4 of 345 comments (clear)

  1. Of course not by khelms · · Score: 5, Interesting

    The pharmaceutical companies aren't interested in developing inexpensive drugs you take a few times and then are done with. They want to develop something you have to take for the rest of your life to treat a chronic condition and charge as much as they can get away with. That's why both new antibiotics and new vaccines are seldom developed.

    Americans pay far more for their prescription drugs than the rest of the world and the excuse is that we're funding "innovation". Most of the innovation going on seems to be coming up with slight variations of existing drugs in order to extend the copyright and doing their best to delay a generic version of a drug from being marketed.

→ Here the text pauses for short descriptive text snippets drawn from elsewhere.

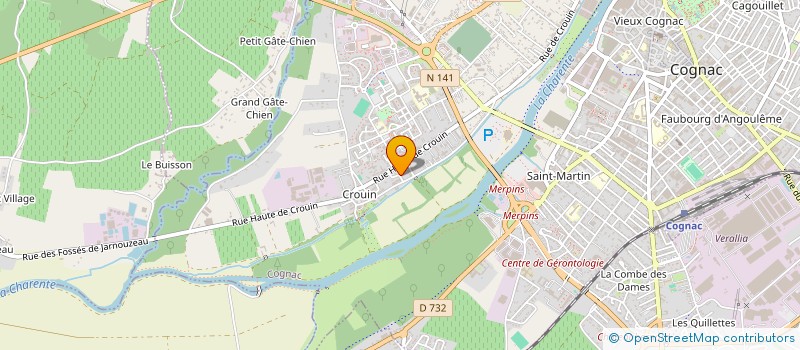 localisation de l'entreprise MONSIEUR JEAN SEBASTIEN PUYRAVAUD à COGNAC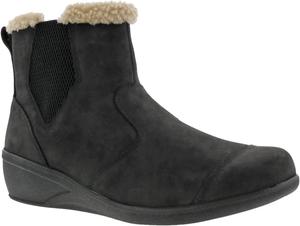 Женские ботильоны Drew Jayla с терапевтическим комфортом на молнии, Black Nubuck
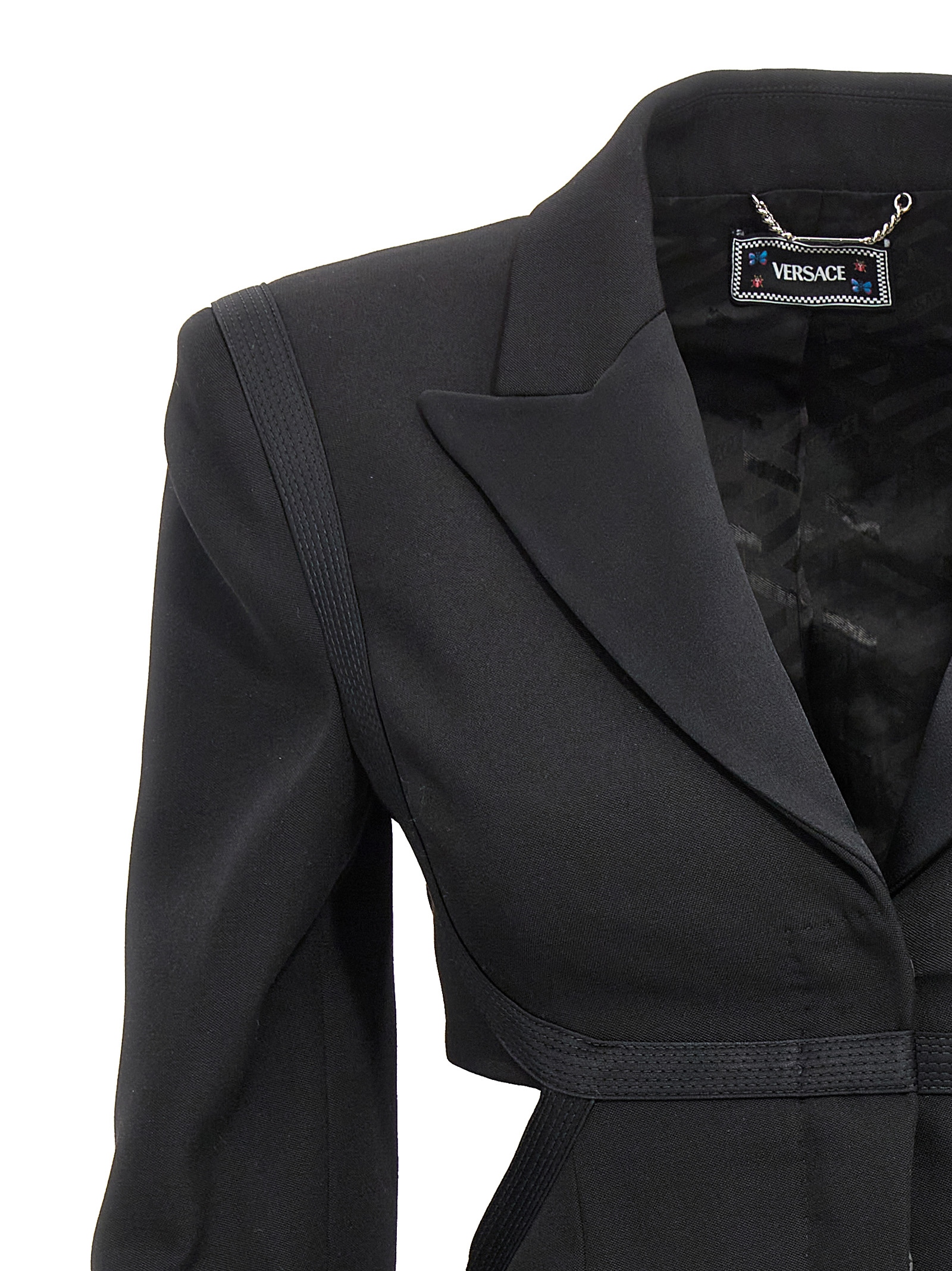 La Vacanza capsule single-breasted blazer 10112871A067501B000 (VERSACE / スーツ・ジャケット ) | VERSACE (ヴェルサーチェ)(2)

    Even when a generic version of a drug appears, greed is often in play. Just a month or two again, this was in the news "The rights to Daraprim were purchased in August by a new company, Turing Pharmaceuticals, which promptly increased the price from $13.50 per tablet to $750 per tablet -- a 5,000 percent jump -- the New York Times reported."

  2. I talked to a doctor about this one by phantomfive · · Score: 4, Interesting

    I talked to a doctor about new antibiotics. The problem is you won't make your money back from them. A company has to go through all the trials to prove that the new antibiotic is safe, and than enough people need to buy them to make it worth it. In the case of antibiotics, there are so many already on the market that doctors won't use the new antibiotic, they'll just use existing ones.

    Note this only applies to antibiotics......if there were a drug curing malaria or AIDS, it would be a different story.

    --
    "First they came for the slanderers and i said nothing."
  3. Re:You must choose.... by gtall · · Score: 5, Interesting

    Roughly 25 years ago, I did work on a system that went to a major drug company. I learned that at that time, it cost roughly $1 billion to get a new drug to market. Of the hundreds of candidates that they would start testing, only 1 or 2 would have the right properties of not killing the patient, not having horrible side effects, etc. And the documentation required by the regulators would fill several semis, because it isn't enough to prove to yourselves that you have a wonder drug, you must prove it to the regulators. This is to prevent Joe's Bait and Pharmacology Shop from putting snake oil on the market. Once on the market, your drug must compete against others. And if those others are in their generic phase, you can express pricing pressure as well.

    Then the market for the drug must be assessed. In the case of antibiotics, there are many of them out there, many in generics, so bringing a new one on the market is destined to not sell well...at least as long as too many people aren't dying from super-bugs.

    This is a prime area for government research and development. The conservatives and libertarians will whine about the fed. gov. getting into the drug business. However, this is what we expect our government to do, i.e., make up for the shortfalls of private industry. The way I look at it, private industry has a big tote board. When frequency of deaths due to super-bugs rise above a certain level, they'll move. Until then, the conservatives and libertarians will gladly attend your funeral...just kidding, they don't give a flying rat's ass about you.

  4. I'm confused by LunaticTippy · · Score: 5, Interesting

    I keep hearing about how there are no new antibiotics, but I never really looked into it. A quick gooble search found 36 new antibiotics currently in development. Some of them are combinations of existing antibiotics (a promising but not very innovative approach) and some of them are new molecules.

    --
    Man, you really need that seminar!